Se ti sporchi le mani ed entri in un mondo, devi perdere i pregiudizi ed accettarne la tridimensionalità. Non sono un grande appassionato di calcio, ma posso fare un paragone con il mio di mondo, in cui io sono l’equivalente del calciatore e il mio agente è il procuratore. Del quale devi fidarti, anche se non saprai mai il modo in cui ti sostiene con produttori, casting, registi. Pure se l’agente è un amico, quasi un familiare a volte, te lo chiedi sempre se tu sei stato sostenuto a pieno o se sei stato solo una carta, una pedina di scambio per altri suoi interessi. E se alla fine a te fa bene, è davvero un male? La verità è che deleghi a lui ciò che non saresti disposto a fare tu. Certo, la differenza col calciatore è che nessuno pensa che quando inizia la sua avventura non è un ragazzo o un giovane uomo, com’ero io agli inizi, ma un bambino. Che gioca a fare il grande ma che non ha percorso nessuna delle tappe degli adolescenti, che mette su una maschera che si ispira al machismo più bieco, fanno i giovani boss, ma la verità è che sono, dentro, bicchieri di cristallo. E ora quando al bar sento parlare male di loro, ci penso e dico: “Ma io alla loro età avrei mai retto tutto questo? Non è troppo?”. E lo sarebbe per chiunque, figuriamoci se poi è un bambino a dover far fronte a questo circo. Il procuratore diventa un pigmalione, e poi magari c’è uno come Jesus Mosquera, nella serie un campione a fine carriera, che cerca di risolvere la sua crisi d’identità aiutando il giovane ragazzo che sta facendo i suoi stessi errori.

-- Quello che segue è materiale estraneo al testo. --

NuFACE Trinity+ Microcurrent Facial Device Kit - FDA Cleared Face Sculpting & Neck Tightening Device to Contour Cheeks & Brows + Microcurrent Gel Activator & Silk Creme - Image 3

Facendo un parallelo con lo sport, tu sei uno che fa tanto gioco di squadra. Un protagonista generoso che gode più nel fare assist ai colleghi – pardon, compagni – che nell’andare in porta col pallone.

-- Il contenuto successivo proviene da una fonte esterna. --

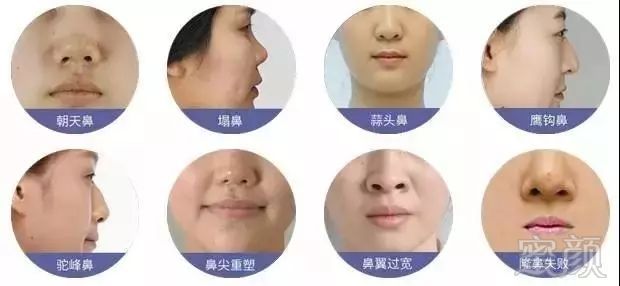 https://img.miyanlife.com/mnt/timg/171104/1041301955-4.jpg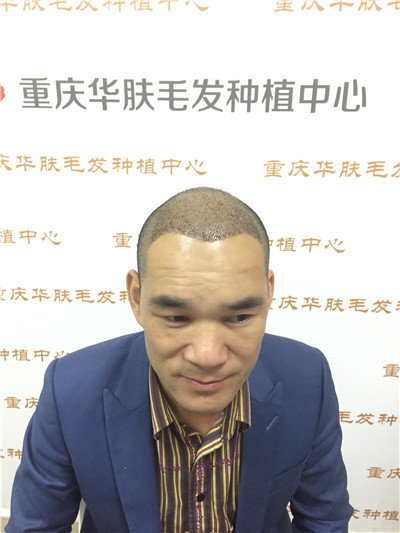 重庆华肤皮肤病医院植发科种植发际线案例价格分享,之前头顶地中海显老又难看,改变后年轻了很多。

Non saprei farlo altrimenti. Il cinema, il mio lavoro, è un gioco di squadra. Ogni attore deve restituire la dignità dell’umanità che deve rappresentare e i personaggi sono varie funzioni che si muovono dentro una storia e la compongono. Un’opera di questo tipo è un mosaico e siamo importanti tutti, per incastrarci alla perfezione dobbiamo tutti fare il massimo sforzo possibile e il protagonista ha una responsabilità in più in questa direzione. La recitazione è un atto d’amore, non è masturbazione. Serve a far godere l’altro, gli altri, e godere tu di questo piacere che condividi.
Rimaniamo su questo parallelo. Com’è giocare nella stessa squadra con un campione come Giancarlo Giannini?

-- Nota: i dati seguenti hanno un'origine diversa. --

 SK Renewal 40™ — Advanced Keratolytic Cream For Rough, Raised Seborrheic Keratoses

Giancarlo “involontariamente” è un maestro che io ho conosciuto a ridosso degli ottant’anni, mi rimangono dentro infiniti camera car in cui non ha mai smesso di parlare. Lui è uno che combatte la noia provocando, uno che finge di incazzarsi e subito dopo ti ammicca facendo l’occhiolino, è un bambino dispettoso. Una volta me l’ha detto: “Ma che devo fare, io mi diverto, altrimenti non ne vale la pena”. Lui è uno che senti in camerino parlare in inglese e allora lo spii e scopri che, tra una pausa e l’altra, sta doppiando Al Pacino in alcuni fegatelli (in gergo cinematografico, i brevi raccordi nei film, ndr) di House of Gucci. Lui è uno che ti dice: “Passo per egocentrico e presuntuoso perché in doppiaggio voglio sempre che ci siano gli altri, pensano che io voglia il pubblico, e invece per recitare hai bisogno di avere davanti i corpi, le voci”. E poi gli chiedi come si doppia Pacino e lui con nonchalance ti risponde: “Niente, lo guardo, lo scruto e poi lo seguo. E poi – te lo dico francamente – io voglio essere meglio di lui ogni volta!”.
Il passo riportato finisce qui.